→ **About this task**
Take the data below and copy exactly the lines starting at the one with "Le cochon roi" and finishing at the one with "冲突升级！利雅得德比2026火爆落幕，新月与胜利球迷看台斗殴，安保失控画面流出", both included.

→ **Data excerpts**
---*---

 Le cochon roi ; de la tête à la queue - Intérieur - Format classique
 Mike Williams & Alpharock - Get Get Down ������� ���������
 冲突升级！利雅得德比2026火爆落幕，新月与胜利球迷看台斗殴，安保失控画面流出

---*---

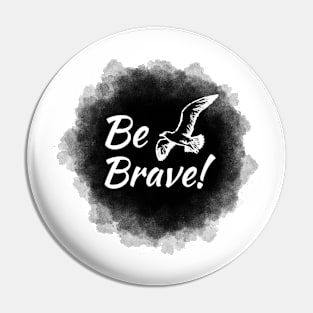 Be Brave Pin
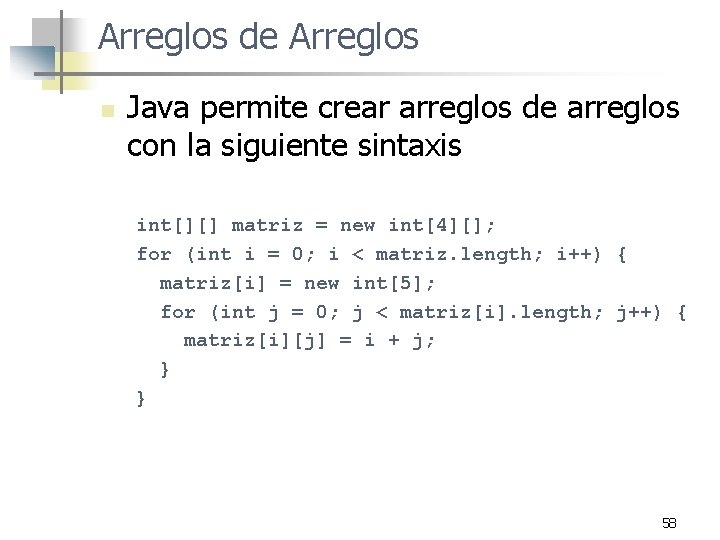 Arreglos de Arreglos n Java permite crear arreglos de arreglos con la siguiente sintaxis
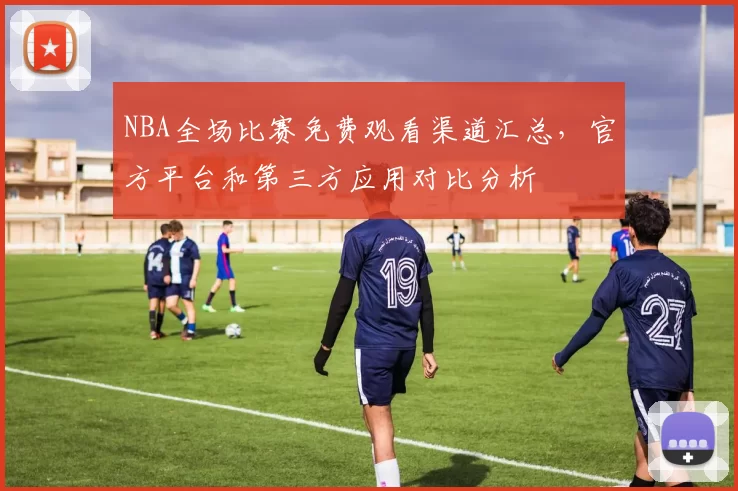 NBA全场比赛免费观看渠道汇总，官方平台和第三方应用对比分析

---*---

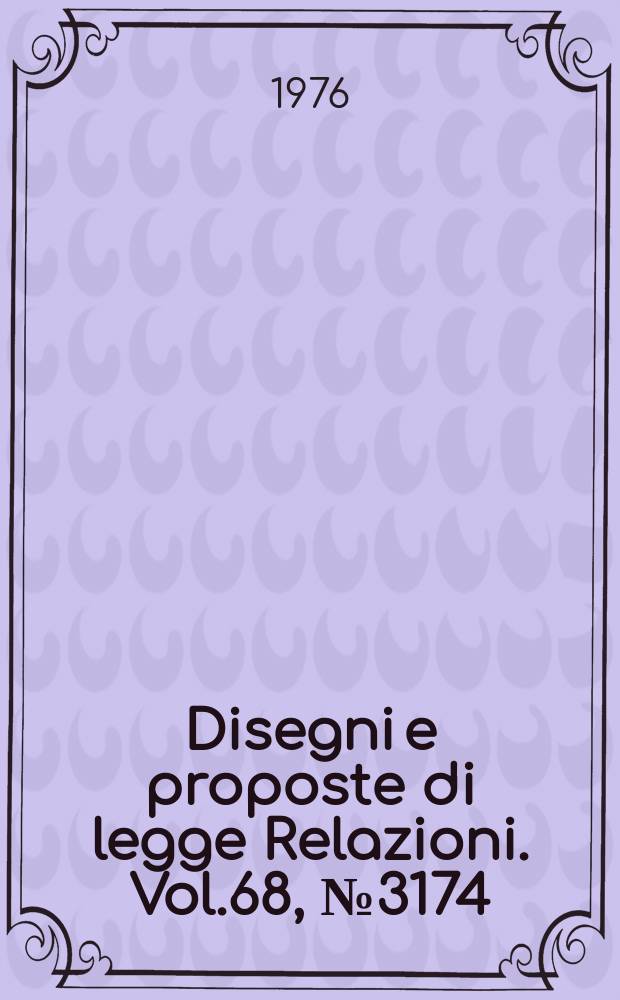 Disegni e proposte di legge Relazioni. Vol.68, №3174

---*---

→ **Solution to this problem**
 Le cochon roi ; de la tête à la queue - Intérieur - Format classique
 Mike Williams & Alpharock - Get Get Down ������� ���������
 冲突升级！利雅得德比2026火爆落幕，新月与胜利球迷看台斗殴，安保失控画面流出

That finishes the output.